◆ **THE TASK**:
Type out the whole listing again exactly, pictures omitted.

◆ **SOURCE DATA**:
++++++++++++++++++++
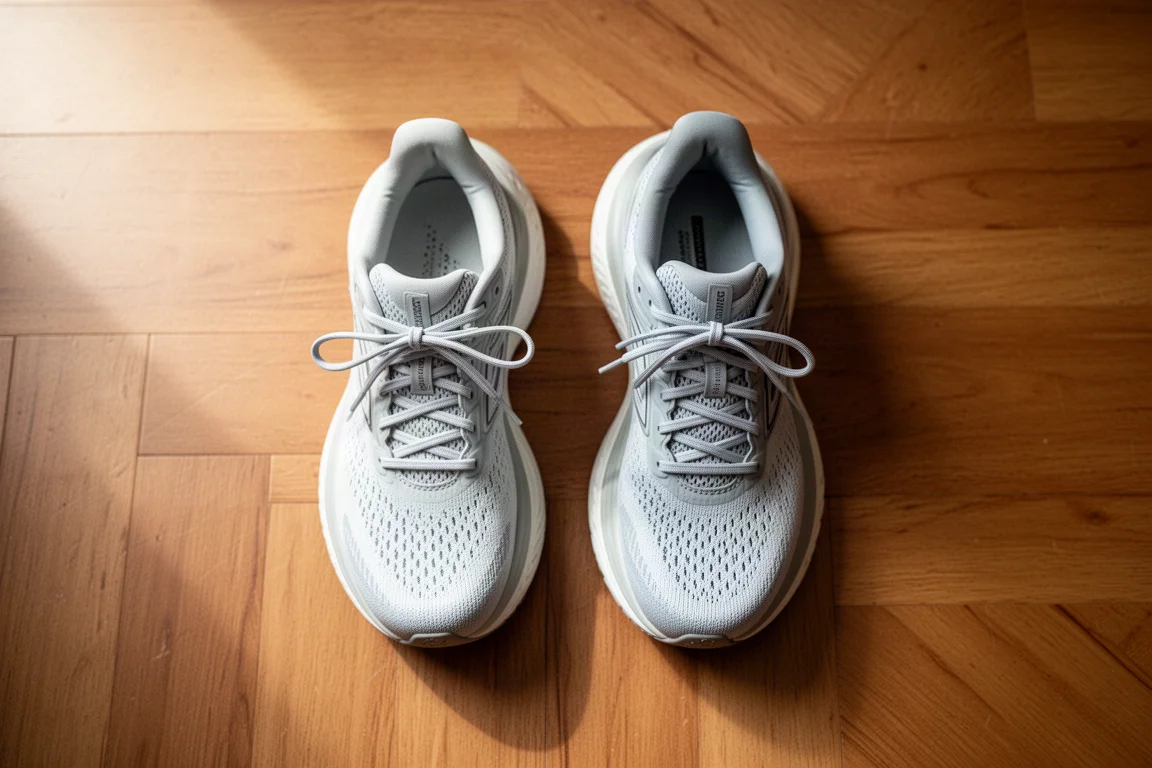 Rotation de chaussures de running disposées à plat sur un parquet en bois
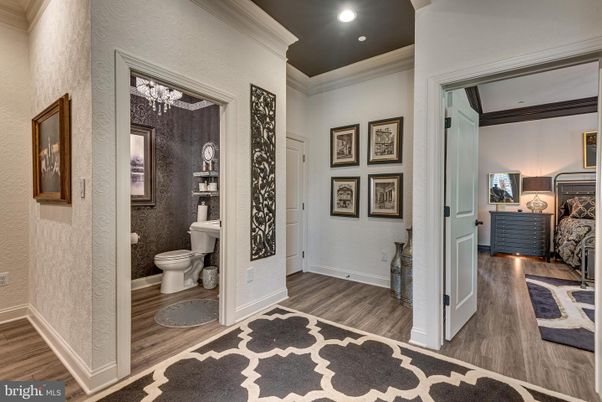 Bathroom, Interior, Recessed Lighting, Wood Texture Flooring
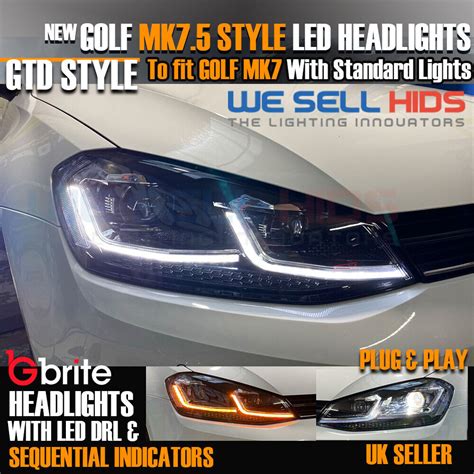 Vw Golf Mk Mk Headlamps Led Drl Bi Xenon Gtd Swipe Sequential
++++++++++++++++++++
◆ **SOLUTION**:
 Rotation de chaussures de running disposées à plat sur un parquet en bois
 Bathroom, Interior, Recessed Lighting, Wood Texture Flooring
 Vw Golf Mk Mk Headlamps Led Drl Bi Xenon Gtd Swipe Sequential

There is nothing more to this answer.